K8sSim(A Kubernetes cluster simualtor)

K8sSim

1. Introduction

We propose a cluster simulator called K8sSim, a simulation tool for Kubernetes schedulers and its applications in scheduling algorithm optimization. Then we design and implement K8sSim, which incorporates typical Kubernetes and Volcano scheduling algorithms for both generic and AI workloads, and provides an accurate simulation of their scheduling process in real clusters. As a result, K8sSim can not only ensure the accuracy of scheduling results, but also greatly accelerate the scheduling time of different scheduling algorithms in the real cluster. Therefore, our proposed K8sSim can provide a convenient analysis tool and a basis for a series of research works on cluster scheduling optimization.

2. K8sSim framework

2.1 Kubernetes Simualtion

It is responsible for the scheduling of generic workloads in Kubernetes simulation scheduler (For a generic workload, tasks in a job are submitted to excute sequentially)

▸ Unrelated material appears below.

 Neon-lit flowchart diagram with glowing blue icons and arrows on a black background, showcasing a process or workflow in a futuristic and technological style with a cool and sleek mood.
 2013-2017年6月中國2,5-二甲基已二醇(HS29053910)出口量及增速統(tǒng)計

2.1.1 k8s-simulator-prop：Kubernetes simualtion scheduler

k8s/example: the startup program of Kubernetes simualtion scheduler

conf.go: port is used to specify the execution port of the simulation scheduler, e.g. port = ":8002"
create_scheduler.go: create a new generic scheduler that mimics a kube-scheduler

func buildSchedulers() []scheduler.Scheduler {

  // 1. Create a generic scheduler that mimics a kube-scheduler.
  sched1 := scheduler.NewGenericScheduler( /* preemption enabled */ true)
  sched2 := scheduler.NewGenericScheduler( /* preemption enabled */ true)
  sched3 := scheduler.NewGenericScheduler( /* preemption enabled */ true)
  sched4 := scheduler.NewGenericScheduler( /* preemption enabled */ true)
  sched5 := scheduler.NewGenericScheduler( /* preemption enabled */ true)
  sched6 := scheduler.NewGenericScheduler( /* preemption enabled */ true)
  sched7 := scheduler.NewGenericScheduler( /* preemption enabled */ true)
  sched8 := scheduler.NewGenericScheduler( /* preemption enabled */ true)
  sched9 := scheduler.NewGenericScheduler( /* preemption enabled */ true)
  sched10 := scheduler.NewGenericScheduler( /* preemption enabled */ true)
  sched11 := scheduler.NewGenericScheduler( /* preemption enabled */ true)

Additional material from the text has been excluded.